#### DATASET CONTENT

>>>

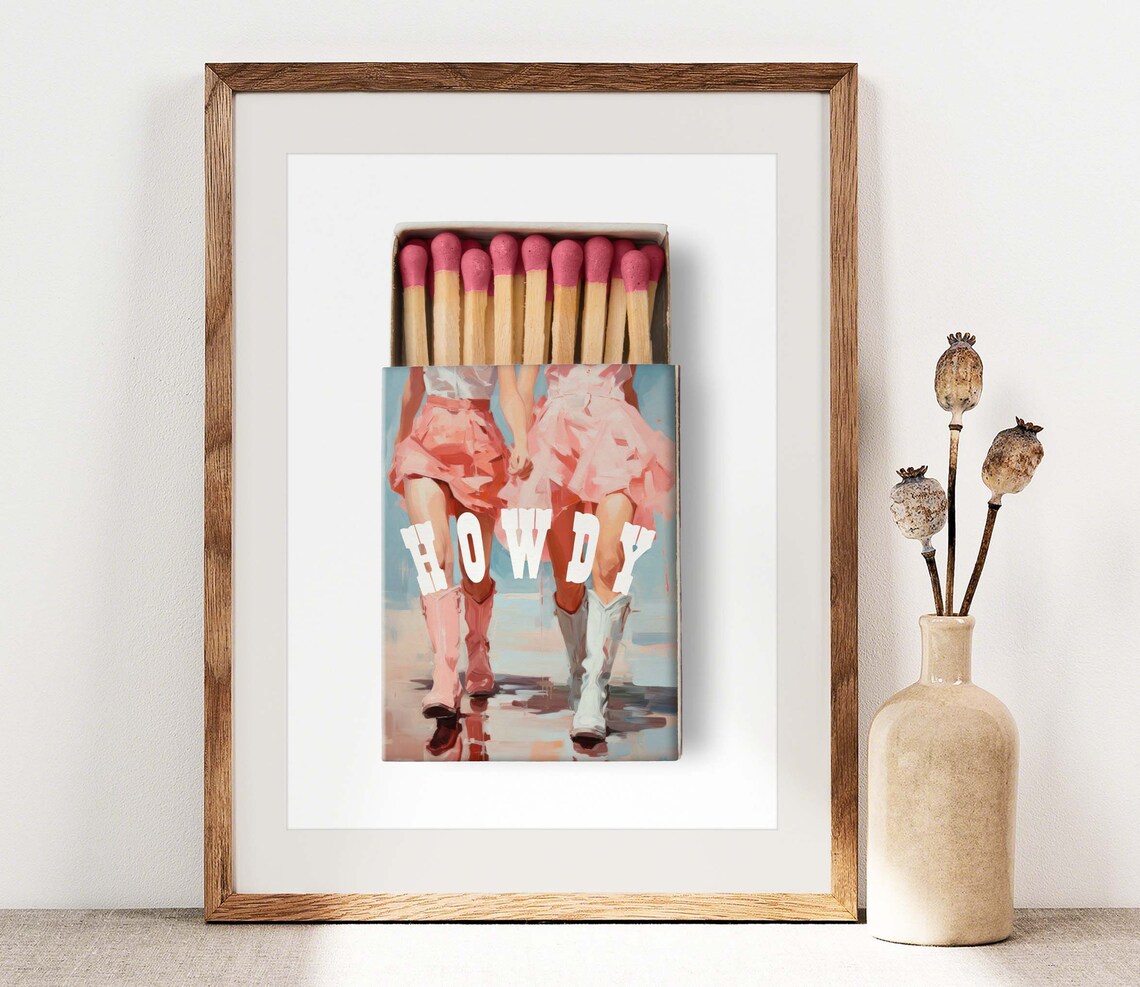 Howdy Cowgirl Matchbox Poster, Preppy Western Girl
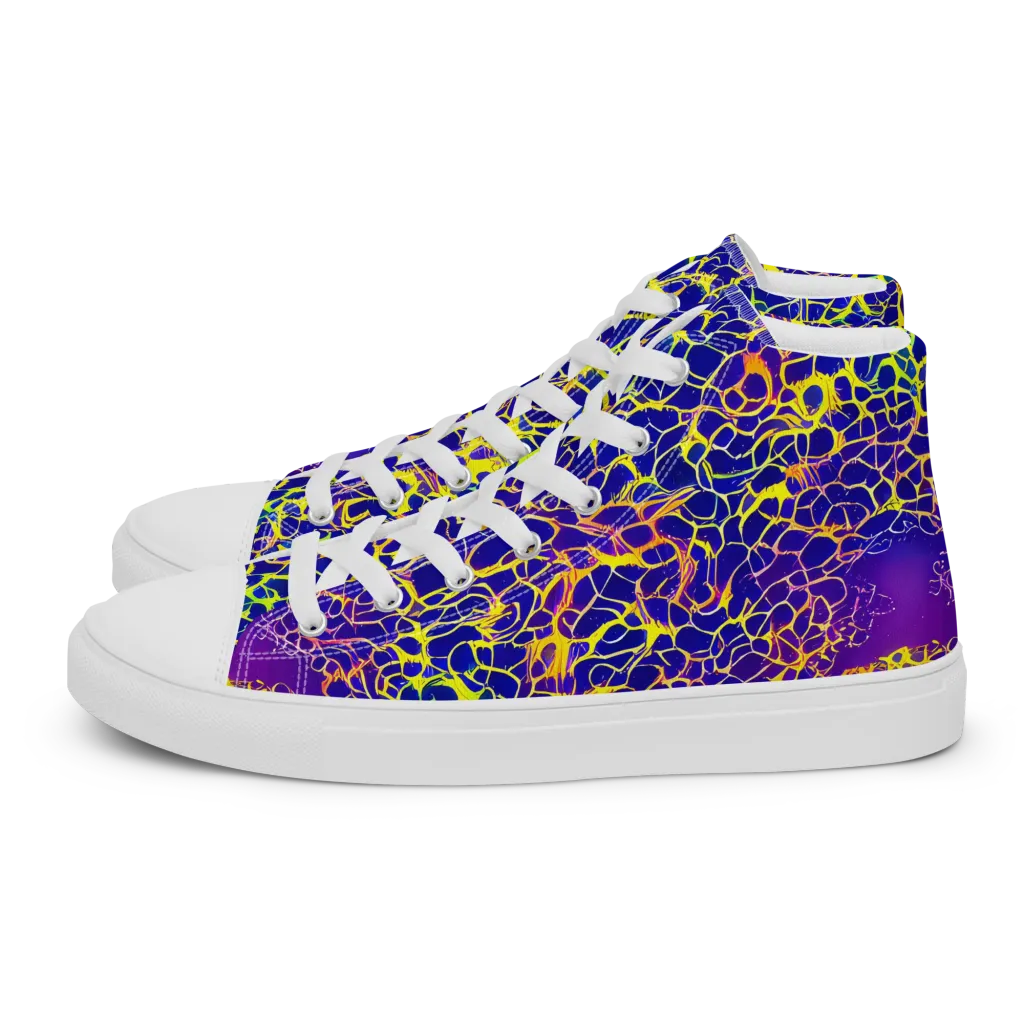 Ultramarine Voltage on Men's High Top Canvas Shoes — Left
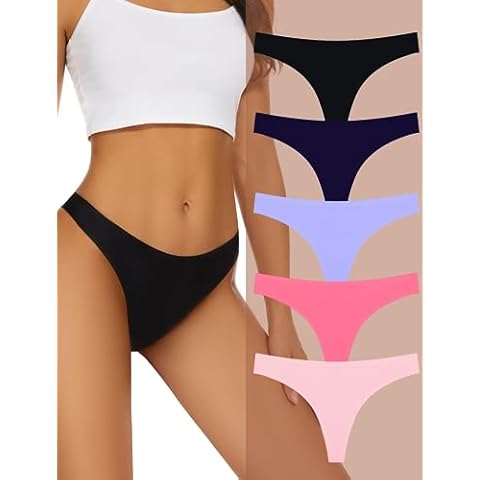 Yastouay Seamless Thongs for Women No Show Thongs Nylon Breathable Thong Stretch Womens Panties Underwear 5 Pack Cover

<<<

#### TASK INSTRUCTIONS
Nothing but the lines from the one with "Ultramarine Voltage on" through the last line of the material above should appear in the answer, each copied exactly, with no pictures.

#### EXERCISE ANSWER
 Ultramarine Voltage on Men's High Top Canvas Shoes — Left
 Yastouay Seamless Thongs for Women No Show Thongs Nylon Breathable Thong Stretch Womens Panties Underwear 5 Pack Cover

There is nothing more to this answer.